A 21 h 35, le général Salon recevait un télégramme urgent signé par Félix Gaillard (qui continuait d'expédier les tâches courantes) l'habilitant à prendre toutes mesures jusqu'à nouvel ordre en Algérie. (En cela, Gaillard marchait sur les traces de Mollet qui légalisait les actes de l'armée pour avoir l'air d'être obéi : cas Ben Bella).
Cependant à minuit, sur le Forum, un message de Massu, lu et follement acclamé disait : « ...Nous faisons appel au général de Gaulle, seul capable de prendre la tête d'un gouvernement de Salut Public, au-dessus de tous les partis, pour assurer la pérennité de l'Algérie Française partie intégrante de la France ». C'était la première fois que le nom de de Gaulle était prononcé publiquement à Alger.
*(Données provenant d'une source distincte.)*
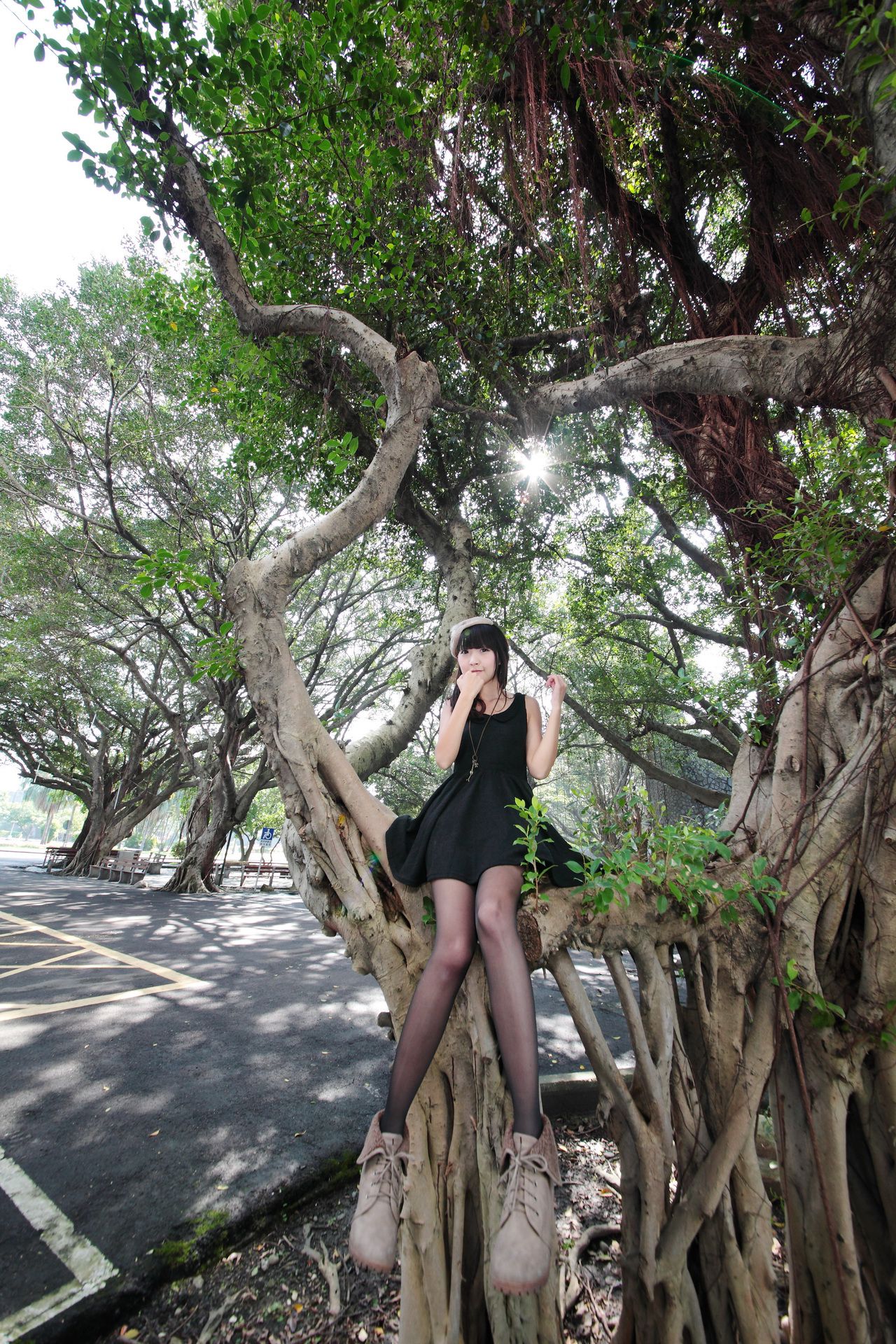 台湾萝莉正妹模特綠豆《小清新唯美外拍》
Massu, fidèle gaulliste, en ces jours de crise, faisait appel à son ancien Chef.
Ainsi, on venait de faire acclamer le nom de l'homme politique dont on parlait depuis des mois comme ayant assez de prestige pour faire accepter la négociation. Les incidents du 13 mai d'Alger, en fait, c'est la bourgeoisie qui, profitant de l'occasion, va s'en servir et dans sa perspective à elle. En effet, différents problèmes politiques se posent à elle : à l'intérieur, l'instabilité ministérielle due à la présence de 142 députés communistes dans l'opposition depuis 1947 permet au moindre petit groupe parlementaire, indépendants, modérés, ou autre de faire facilement chuter le gouvernement de part l'addition de ses voix avec celles des communistes. Ce problème, différents gouvernements avaient essayé de le résoudre en essayant de modifier la loi électorale pour tenter de réduire la représentation importante du Parti Communiste, mais en vain. C'est une des premières tâches accomplies par de Gaulle qui réduisit la représentation du PC des neufs dixièmes et qui rendra le gouvernement encore moins dépendant du Parlement qu'il ne l'était jusqu'alors.
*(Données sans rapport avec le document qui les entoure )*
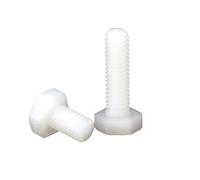2-30PCS M8 M10 M12 White Nylon External Hex Head Knurled Plastic Bolt For Insulation Use Screws(M8x15 30pcs)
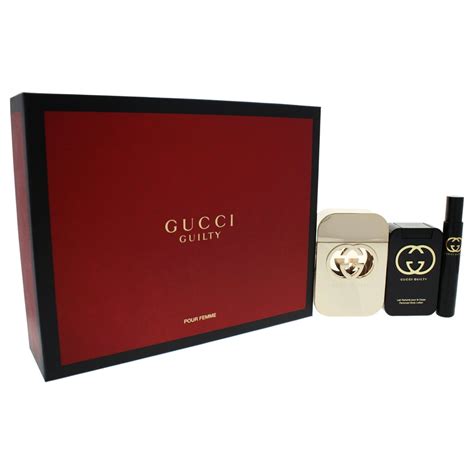 gucci guikty box set women|gucci guilty perfume for women.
A l'extérieur, c'était le problème de la « décolonisation ». Pour les colonies d'Afrique, de Gaulle qui n'est pas un philanthrope ni un homme de gauche, transformera l'Union Française en une « Communauté » qui dans le plus juste intérêt de la bourgeoisie française, tout en les maintenant sous le joug économique de l'impérialisme, donne une indépendance politique apparente aux anciennes colonies.
C'est pourquoi, le 13 mai 61 voyait ce même de Gaulle qui du Forum avait lancé à la foule algéroise le 16 mai 58 le célèbre « je vous ai compris », faire régner « l'ordre » et « quadriller » Alger, à une semaine des pourparlers d'Evian.